• Raw data:
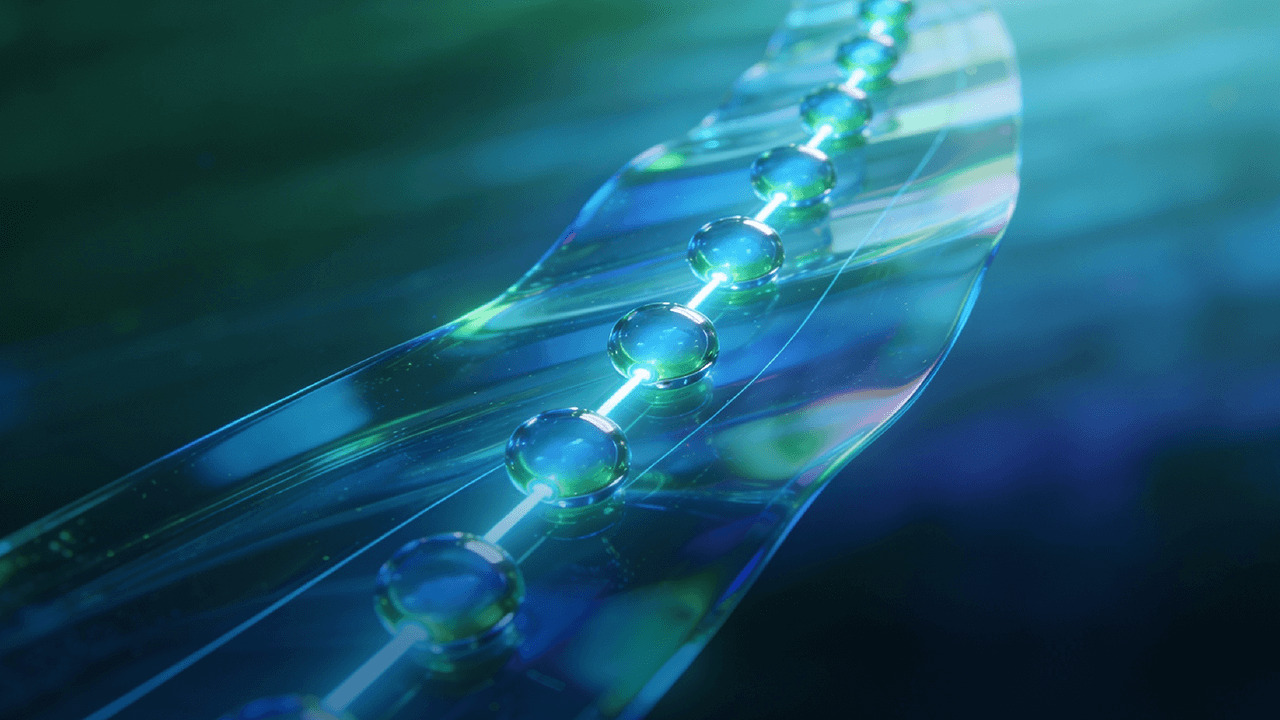 EPM (Enterprise Performance Management): What it is and how it helps modern businesses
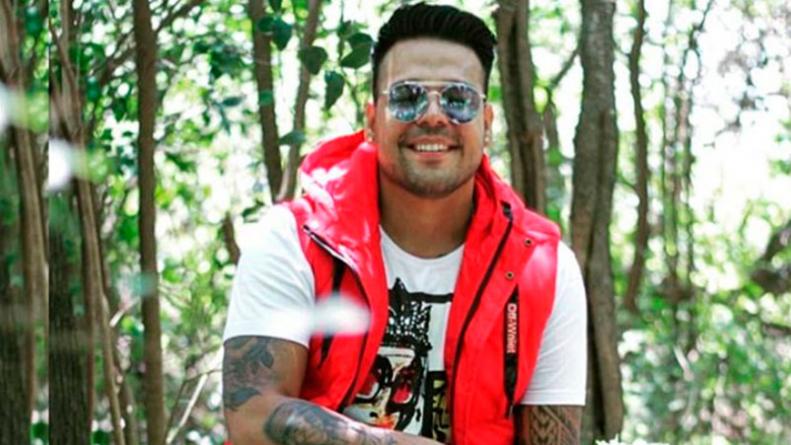 jesus-chamo-ramirez-se-lanza-como-solista-cuarteto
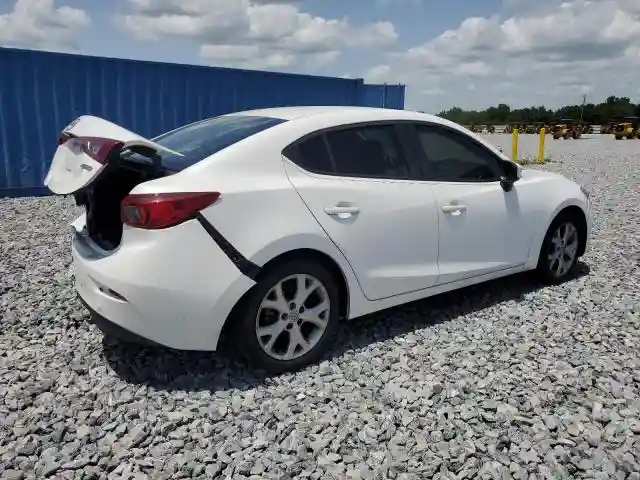 3MZBM1T79GM298225 2016 MAZDA 3-2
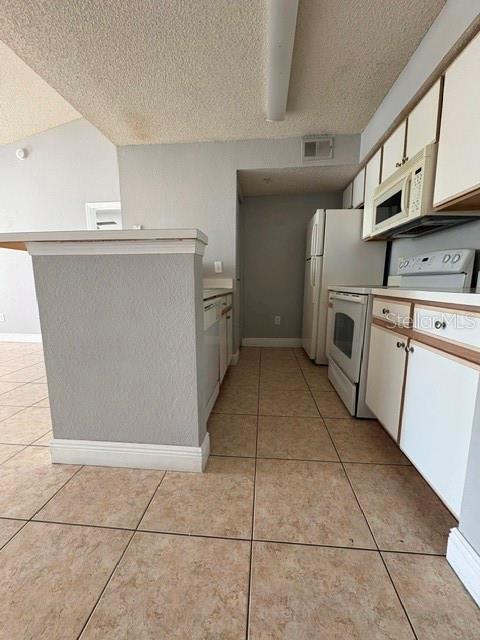 Photo - 2201 Key W Ct Unit 335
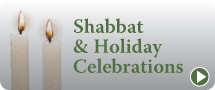 shabbat.jpg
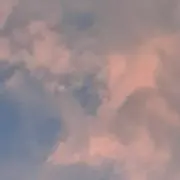 かなでの画像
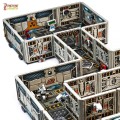 sci-fi-starter-set3.jpg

• Instructions for the task: Without including any pictures, return every line of the records exactly.

• Result of this exercise:
 EPM (Enterprise Performance Management): What it is and how it helps modern businesses
 jesus-chamo-ramirez-se-lanza-como-solista-cuarteto
 3MZBM1T79GM298225 2016 MAZDA 3-2
 Photo - 2201 Key W Ct Unit 335
 shabbat.jpg
 かなでの画像
 sci-fi-starter-set3.jpg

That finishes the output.